Studying MyCat deepens understanding of distributed architecture, including related technologies such as ZooKeeper for consistency, HAProxy/keepalived for high availability, clustering, load balancing, and disaster recovery.
3. Recommended Resources
1. Large‑Scale Distributed Website Architecture Design and Practice (link)
2. Large‑Scale Website Technical Architecture: Core Principles and Case Studies (link)
3. Large‑Scale Website Systems and Java Middleware Practice (link)
4. Distributed Java Applications: Fundamentals and Practice (link)
4. Evolution of Distributed Architecture
1) Initial Stage
All resources (applications, databases, files) reside on a single server.

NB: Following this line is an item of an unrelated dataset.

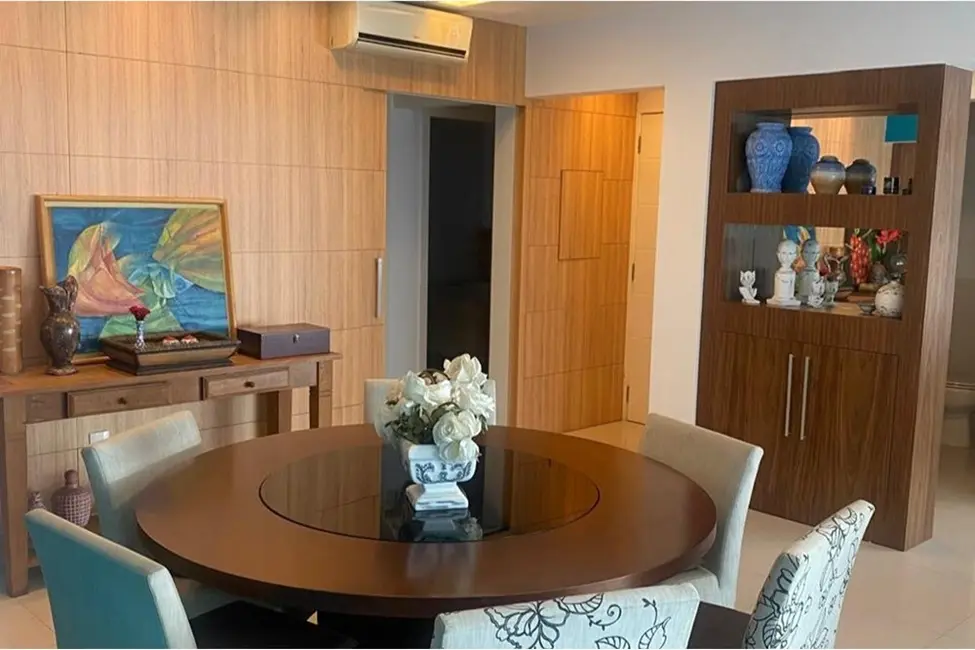 Apartamento com 3 quartos à venda, 230m2 em Centro, Balneario Camboriu - SC - imagem 7 Foto 7 de Apartamento com 3 quartos à venda, 230m2 em Centro, Balneario Camboriu - SC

2) Separation of Application, Data, and File Services
As traffic grows, additional web servers are added, and application, database, and file services are deployed on separate machines.

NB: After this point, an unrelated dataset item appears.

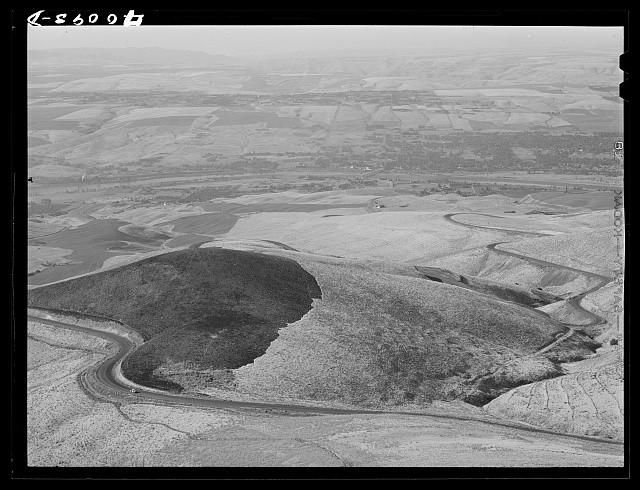 Photo:Lewiston Idaho 1941 Lewiston Hill Aerial View Winding Road Farmland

3) Introducing Caching to Improve Performance
80 % of traffic typically accesses 20 % of data; caching (local and remote distributed) stores hot data in cache servers, reducing database load.
4) Application Server Clustering
After sharding databases, additional application servers are added; load balancers distribute requests across multiple servers to avoid single‑node bottlenecks.
5) Database Read‑Write Splitting
When write operations become a contention point, separating read and write traffic across different servers alleviates pressure.
6) Reverse Proxy and CDN Acceleration
CDN and reverse proxies cache content to speed up access and reduce backend load.
7) Distributed File Systems and Distributed Databases
When data volume grows, both file storage and databases are split and distributed across multiple nodes.
8) Adoption of NoSQL and Search Engines
Complex business needs lead to the use of NoSQL databases and search engines for flexible storage and retrieval.
9) Business‑Level Splitting
Systems are refactored by dividing functionality into independent services (vertical splitting) or extracting reusable components into distributed services (horizontal splitting).
10) Distributed Services
Common modules are extracted and deployed as shared services that multiple applications call, reducing duplicated connections and improving scalability.
5. Challenges Faced by Distributed Services
1) Managing an ever‑growing number of service URLs becomes difficult, and hardware load balancers become single points of pressure.
2) Service dependencies become tangled, making it hard to determine startup order.
3) Increasing call volume raises capacity questions: how many machines are needed and when to add them?
4) Communication overhead grows; identifying owners of failing services and understanding parameter contracts becomes harder.
5) Multiple consumers of a service raise concerns about maintaining quality of service.
6) Continuous upgrades can cause unexpected failures (e.g., cache bugs causing memory overflow); strategies such as graceful degradation or resource throttling are needed to limit impact.